Une première pour l'établissement. Rencontre. PAR ÉMILIE SKRZYPCZAK

À part les verres fumés de ses lunettes qui cachent un regard trouble, rien ne pourrait laisser croire qu'Ophélie, élève de seconde au Sacré-Coeur de Tourcoing, est déficiente visuelle. Un mois après la rentrée, la jeune Roncquoise grimpe les escaliers de l'établissement avec une agilité qui n'a pas manqué de surprendre le personnel de l'établissement. « Une fois les lieux repérés, ça va tout seul », explique-t-elle. En cours, elle écoute attentivement et prend ses notes, comme tout le monde. Une aisance qui ferait presque oublier son handicap. Sauf qu'Ophélie s'assied rarement seule sur les bancs de l'école.

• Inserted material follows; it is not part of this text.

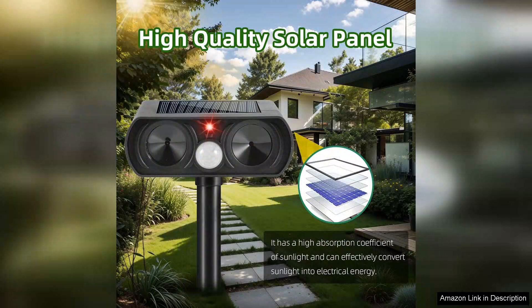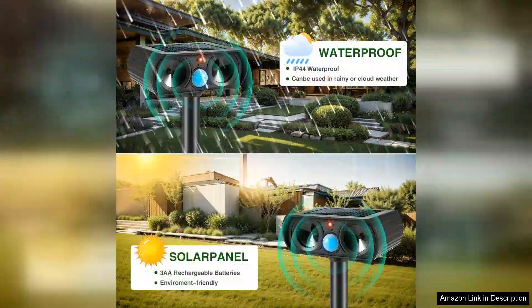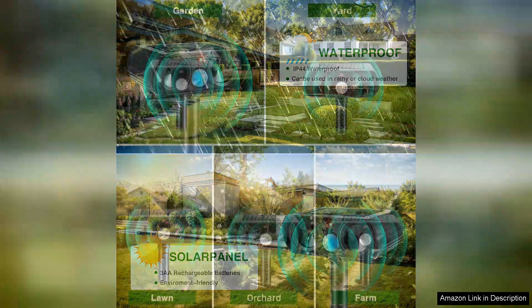The motion detection feature is highly effective. Once it senses movement within its range, the ultrasonic sound activates, deterring animals from entering the area. I noticed a significant reduction in the presence of stray cats and rabbits within just a few days. The device is discreet and blends well into the garden, ensuring it doesn't detract from the aesthetics of my outdoor space.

Nathalie Thellier, son auxiliaire de vie, l'accompagne dans certains cours au rythme de douze heures par semaine, pour lui dicter ce qu'il y a au tableau, ou lui décrire l'image d'un document. Après l'avoir suivie pendant cinq ans, elle constate une évolution scolaire flagrante. « Ophélie est plus attentive en cours, plus participative et aussi plus rapide dans sa prise de notes. D'ici l'année prochaine, elle devrait s'en sortir toute seule car le but est qu'elle n'ait plus besoin de moi », explique-t-elle.

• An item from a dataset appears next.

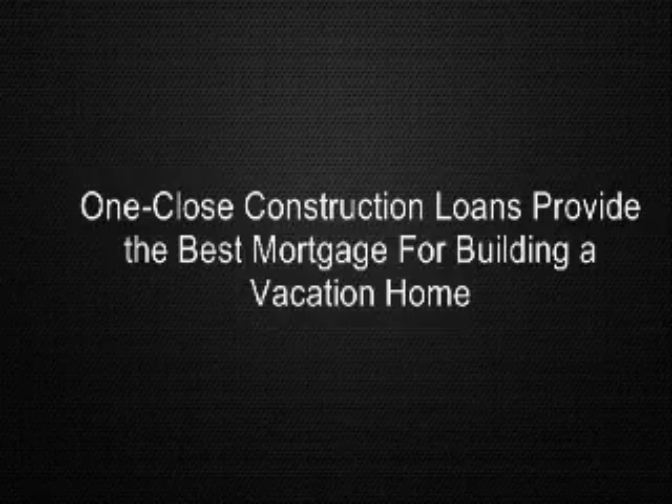Once the location, plans, builder, and construction costs have been determined, the next question to answer is how to finance the construction. These choices range from cash to mortgage financing. In determining the best method of mortgage financing, a number of factors need to be taken into account.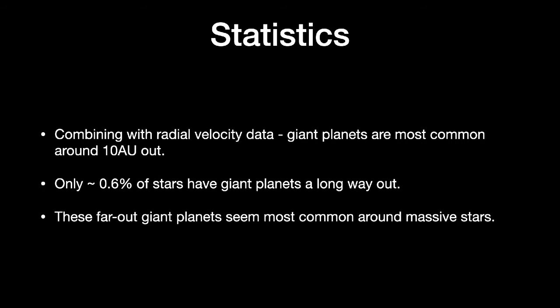It also seems that these far-out giant planets are most common around massive stars. That's quite the opposite of what we've seen from transit data, which shows planets are most common around the lowest mass stars. So it looks like small rocky planets close in have the opposite trend from mega planets a long way out. What does that mean? No idea at this point.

Cette aisance, Ophélie l'a acquise très tôt, un peu malgré elle. « Après avoir arrêté le braille en 6e, j'ai travaillé sur un ordinateur qui est vite tombé en panne. J'ai donc dû faire comme les autres, et puis je me suis habituée », raconte-t-elle, avec une pointe de fierté. Depuis, elle a appris à se débrouiller seule. Tellement qu'elle craint que l'ordinateur, pourtant équipé d'un logiciel adapté commandé par l'établissement ne ralentisse sa course vers l'autonomie. Pourtant, les moyens mis en place par l'équipe pédagogique tendent largement à prouver le contraire. En français par exemple, une plate-forme met à disposition des élèves des textes numérisés étudiés en classe et pouvant être agrandis. Bientôt un stylo numérique lui permettra, grâce à un système de capteurs situés au-dessus du bloc papier, d'agrandir ses cours à 140 %. Un exemple du nouveau dispositif élaboré pour « répondre au mieux aux besoins d'Ophélie », souligne Élisabeth Pauchet, responsable du niveau des secondes (lire ci-dessous). D'ailleurs, c'est en français qu'elle s'en sort le mieux car « elle travaille et se défend bien », assure Mme De Maen, sa professeur principale.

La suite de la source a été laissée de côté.